Sirah: I think it’s been really ironic, he was possibly one of my biggest supporters through the whole thing. He actually texted me before the whole Grammy thing and he said, “I just want to mention that you were basically homeless…and now you’re nominated for a Grammy. So, just throwing it out there. I don’t know how you feel about that.” I feel like he was such a huge part of why I’m still doing what I’m doing. It’s like eventually everyone will transcend on and I feel like music is a way – whether you make music or a part of it – it’s a way to live on.
L+T: This will help others who listen to this record – your explanation. You briefly mentioned the last track, “First Impressions” earlier. I, of course, have my own interpretation of this song. I could be completely wrong, but I hit it right on the head with “Icarus.” “First Impressions” is a track that speaks to personal growth.
Sirah: I think it’s kind of the same vibe all over. For “First Impressions” – I think it was two days after the Grammy’s and I went on the Internet and listened to [the] Soundcloud of random kids’ for, like, 18 hours a day like a weirdo. I wrote to these kids and they were like, “Didn’t you just win a GRAMMY? Why are you writing to me on Soundcloud?” That’s how I got the “First Impressions” beat. I recorded it in my bedroom. We ended up shooting a music video for it. It’s, like, a big collaborative piece. This song speaks to the sort of thing I was talking to you about for “On To The Next.” I feel like with a lot of my relationships over the past year, like romantic or otherwise, a lot of things changed. When I wrote “First Impressions,” everything’s been very bittersweet. It spoke to that and not just to love and the lack of actually being able to have that be real in my life. So, it’s about all of my relationships changing.
L+T: Overall, this EP is very different than your past releases. You really went all in emotionally and the result is evident. As I said at the outset, it’s a diary.
Sirah: Oh, completely! On “You Know You Want It,” some of the things I talk about on there is all true. It was kind of like, ‘Whoa! Am I really gonna put that out?’ I’m like, ‘Yep!’ There’s, like, really dark things that I talk about. Life’s too short – why lie about who you are and what’s happened? It’s out there.
L+T: If you’re not honest with the listeners, you won’t be happy with it. Let’s talk about the tour you’re about to go on. It is super “girl power” – Icona Pop, K. Flay, and you! You all are so edgy. How do you feel about the tour? Do you have mixed feelings?

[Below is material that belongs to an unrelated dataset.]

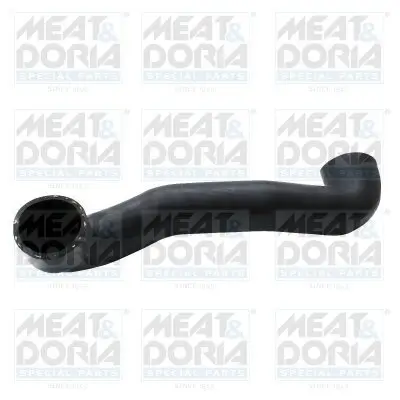 Ladeluftschlauch Ladeluftkühler rechts MEAT & DORIA 961114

Sirah: I’m so excited. By the way, I don’t feel like I’m on some outright girl power stuff just because I rarely see girls. However, I think it’s so dope and I think K. Flay is incredible. She makes her own beats on stage. She’s awesome! I love her new music. Icona Pop – I watched them in Texas and was like, ‘I love you guys!’ I’m so excited and it’s their first major tour. K. Flay just dropped a new awesome record. I’m dropping my record. It feels really good. It feels really right. Our fans will be able to translate because it’s just really powerful women.